▶ _Task statement_
Whatever comes before the line containing "VampireDiariesWorld-dot-org_2x21TheSunAlsoRises0047.jpg" stays out; transcribe that line and all that follow to the end of the records exactly, with no pictures.

▶ _Task input_
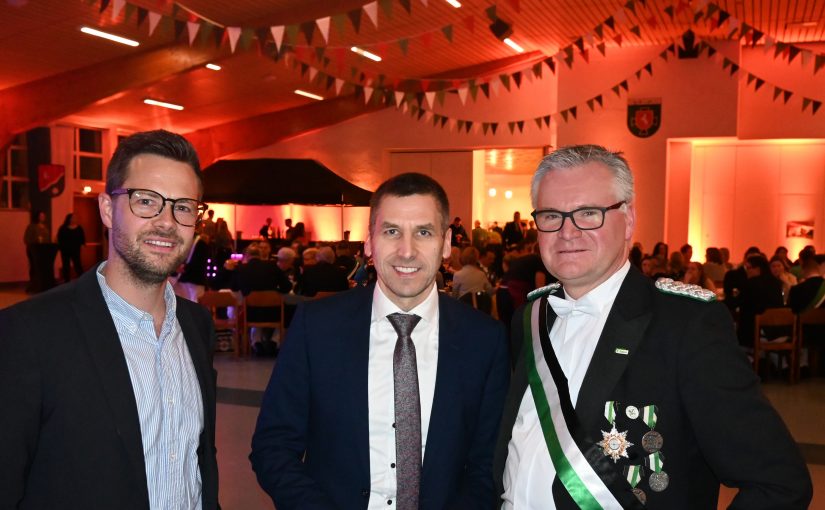 Freuen sich auf den 2. Bürener Stadtball am 24. Februar (v. l.): Stadtmarketingleiter Alexander Menke, Bürgermeister Burkhard Schwuchow und Andreas Köchling, Oberst der Bürgerschützen Büren. (Foto: Stadt Büren)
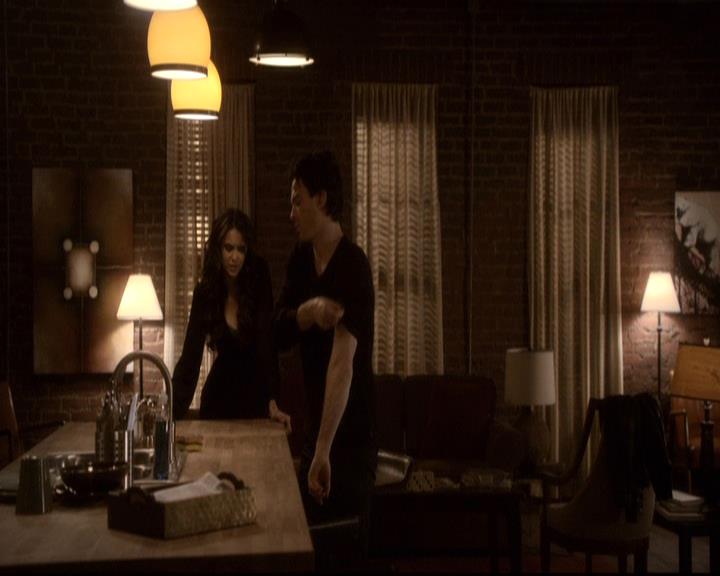 VampireDiariesWorld-dot-org_2x21TheSunAlsoRises0047.jpg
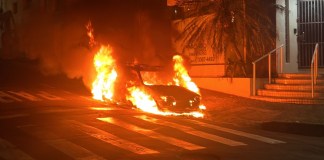 Carro pega fogo na Dom Pedro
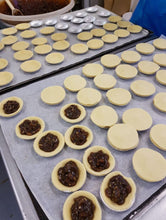 Load image into Gallery viewer, Christmas Mince Pies
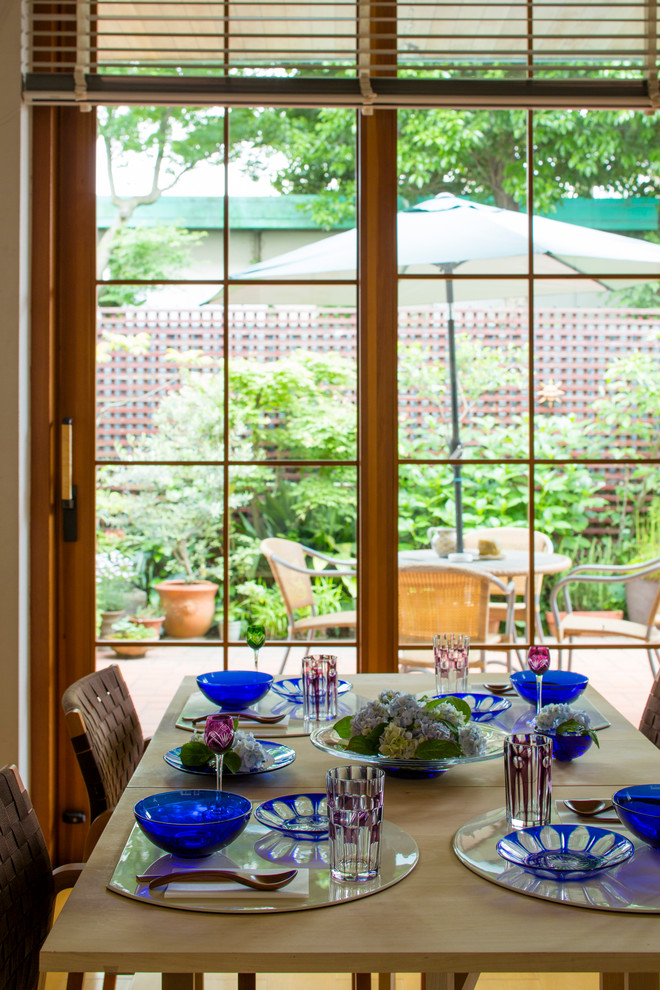 Foto di una sala da pranzo aperta verso la cucina contemporanea di medie dimensioni con parquet chiaro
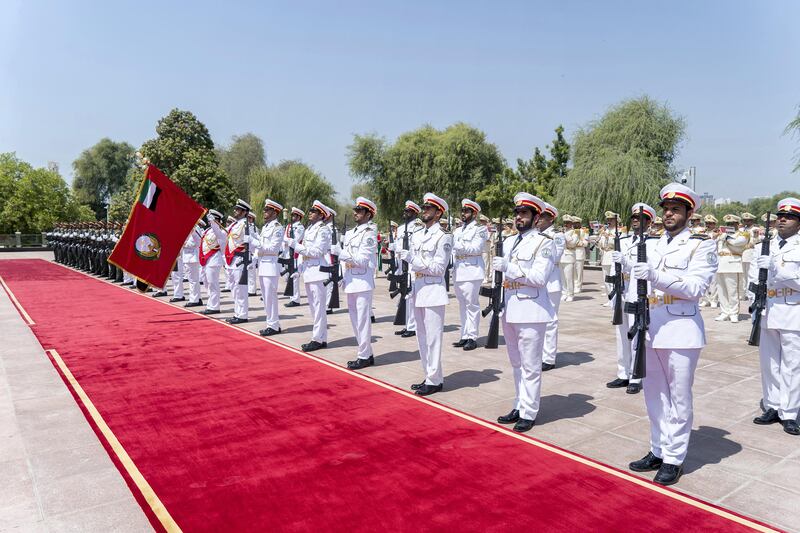 ABU DHABI, UNITED ARAB EMIRATES - October 01, 2017: The UAE Honor Guard stand to attention during a reception for His Excellency General the Honourable Sir Peter Cosgrove, Governor-General of Australia (not shown), at Mushrif Palace. 

( Rashed Al Mansoori / Crown Prince Court - Abu Dhabi )
---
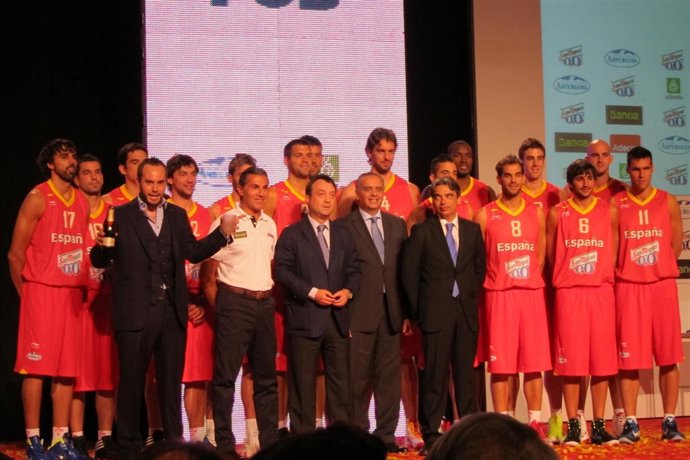 Selección Española De Baloncesto En Su Presentación En Madrid 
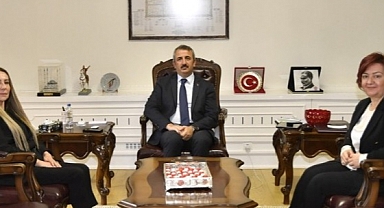 Kadın Girişimcilerden Vali Sezer’e ziyaret...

▶ _Result_
 VampireDiariesWorld-dot-org_2x21TheSunAlsoRises0047.jpg
 Carro pega fogo na Dom Pedro
 Load image into Gallery viewer, Christmas Mince Pies
 Foto di una sala da pranzo aperta verso la cucina contemporanea di medie dimensioni con parquet chiaro
 ABU DHABI, UNITED ARAB EMIRATES - October 01, 2017: The UAE Honor Guard stand to attention during a reception for His Excellency General the Honourable Sir Peter Cosgrove, Governor-General of Australia (not shown), at Mushrif Palace. 

( Rashed Al Mansoori / Crown Prince Court - Abu Dhabi )
---
 Selección Española De Baloncesto En Su Presentación En Madrid 
 Kadın Girişimcilerden Vali Sezer’e ziyaret...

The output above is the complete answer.